Studio album by Powderfinger
- Released: 13 November 2009
- Recorded: Mid-2009
- Studios: Studio 301 (Byron Bay, New South Wales)
- Genres: Rock; alternative rock;
- Length: 44:53
- Label: Universal Music
- Producer: Nick DiDia

Powderfinger chronology
| Dream Days at the Hotel Existence (2007) | Golden Rule (2009) | Footprints: The Best of Powderfinger, 2001–2011 (2011) |

Singles from Golden Rule
- "All of the Dreamers" Released: 16 October 2009; "Burn Your Name" Released: 18 December 2009; "Sail the Wildest Stretch" Released: 30 April 2010; "Iberian Dream" Released: 16 August 2010;

= Golden Rule (album) =

Golden Rule is the seventh and final studio album by Australian rock band Powderfinger, released on 13 November 2009. The album reunites the band with producer Nick DiDia, who produced several of the group's previous albums including, Internationalist, Odyssey Number Five and Vulture Street.

Professional ratings
Review scores
| Source | Rating |
| Allmusic | Star |

==Background==

The band recorded the album at Studio 301 in Byron Bay, New South Wales, beginning in June 2009, and completing the recording in August.

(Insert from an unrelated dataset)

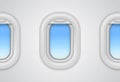 Airplane windows. Realistic vector aircraft illuminator. 3D porthole mockup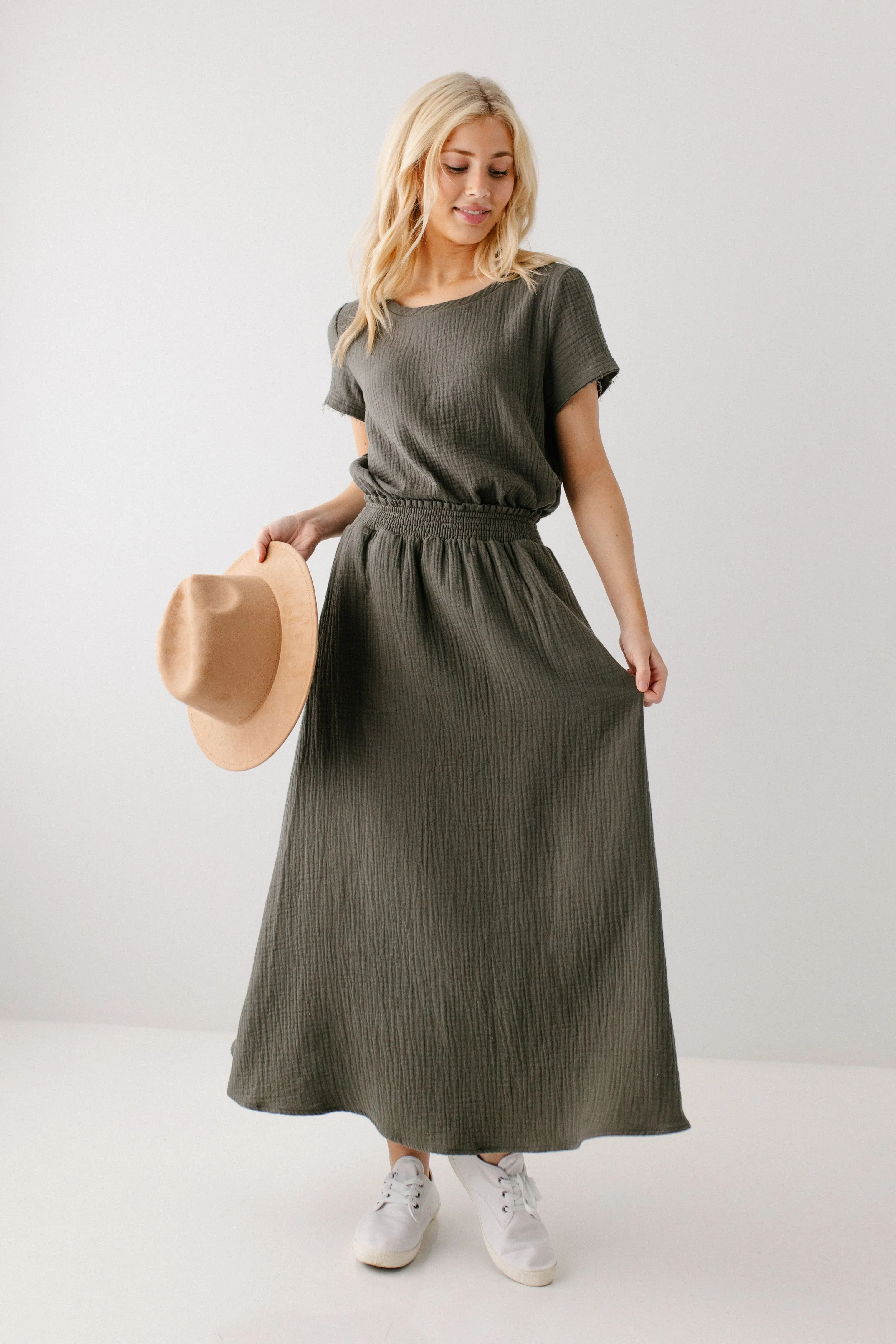 'Jane' Cotton Gauze Maxi Skirt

The group's drummer Jon Coghill announced the name of the album on 11 September 2009.

The crowd was recorded at the 2009 Splendour in the Grass for the song "Think It Over".

==Singles==
The first single to be released was "All of the Dreamers", which was released on 16 October 2009. Lead singer Bernard Fanning describes the song as the "most consistently upbeat song that we have written in our entire career," and that "it's a sideways glance at the sometimes redundant nature of party politics", however he has stated that it is not a particularly political song, but rather "a general dissatisfaction with the way democracy can be blindsided by the self interest that holding on to power can generate". "All of the Dreamers" was ranked no. 49 in Triple J's Hottest 100 of 2009.

On 6 November it was mentioned by the band's lead guitarist Darren Middleton on the Powderfinger website that the upcoming second single off the album would be "Burn Your Name". The video clip for the song was filmed in Thailand.

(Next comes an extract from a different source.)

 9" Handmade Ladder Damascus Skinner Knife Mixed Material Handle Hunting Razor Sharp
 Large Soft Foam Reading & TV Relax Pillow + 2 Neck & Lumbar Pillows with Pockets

"Sail the Wildest Stretch" was remixed by Michael Brauer and released as the band's third single from the album in April 2010.

"Iberian Dream" is the final single off the album, released on 16 August 2010.

==Track listing==
Prior to its release on 13 November 2009, the track listing was changed to reorder the first four songs, and two iTunes bonus tracks were added: "See You Again" and "See Me Coming".

The first track "El Camino de la Muerte" is Spanish for "The Path of Death".

All words and music by Powderfinger.

| No. | Title | Length |
|---|---|---|
| 1. | "El Camino de la Muerte" | 0:42 |
| 2. | "All of the Dreamers" | 3:36 |
| 3. | "Burn Your Name" | 3:52 |
| 4. | "A Fight About Money" | 5:06 |
| 5. | "Sail the Wildest Stretch" | 4:09 |
| 6. | "Poison in Your Mind" | 2:47 |
| 7. | "Iberian Dream" | 4:19 |
| 8. | "Jewel" | 2:57 |
| 9. | "Think It Over" | 4:20 |
| 10. | "Awake" | 4:22 |
| 11. | "Stand Yourself" | 3:52 |
| 12. | "Golden Rule" | 4:51 |
| Total length: |  | 44:53 |

iTunes bonus tracks
| No. | Title | Length |
|---|---|---|
| 13. | "See You Again" | 3:44 |
| 14. | "See Me Coming" | 3:27 |
| Total length: |  | 52:04 |

Bonus live CD
| No. | Title | Length |
|---|---|---|
| 1. | "Waiting for the Sun" | 5:40 |
| 2. | "My Kind of Scene" | 6:12 |
| 3. | "Nobody Sees" | 4:44 |
| 4. | "Sweetlip" | 4:02 |
| 5. | "Bless My Soul" | 5:48 |
| 6. | "Lost and Running" | 4:23 |
| 7. | "JC" | 3:29 |
| 8. | "Trading Places" | 6:41 |
| 9. | "These Days" | 5:52 |
| Total length: |  | 46:51 |

== Charts ==
===Weekly charts===

| Chart (2009/10) | Peak position |
|---|---|
| Australian Albums (ARIA) | 1 |

===Year-end charts===

| Chart (2009) | Position |
|---|---|
| Australian Albums (ARIA) | 30 |
| Chart (2010) | Position |
| Australian Albums (ARIA) | 32 |

==Certifications==

| Region | Certification | Certified units/sales |
| Australia (ARIA) | 2× Platinum | 140,000^{^} |
^{^} Shipments figures based on certification alone.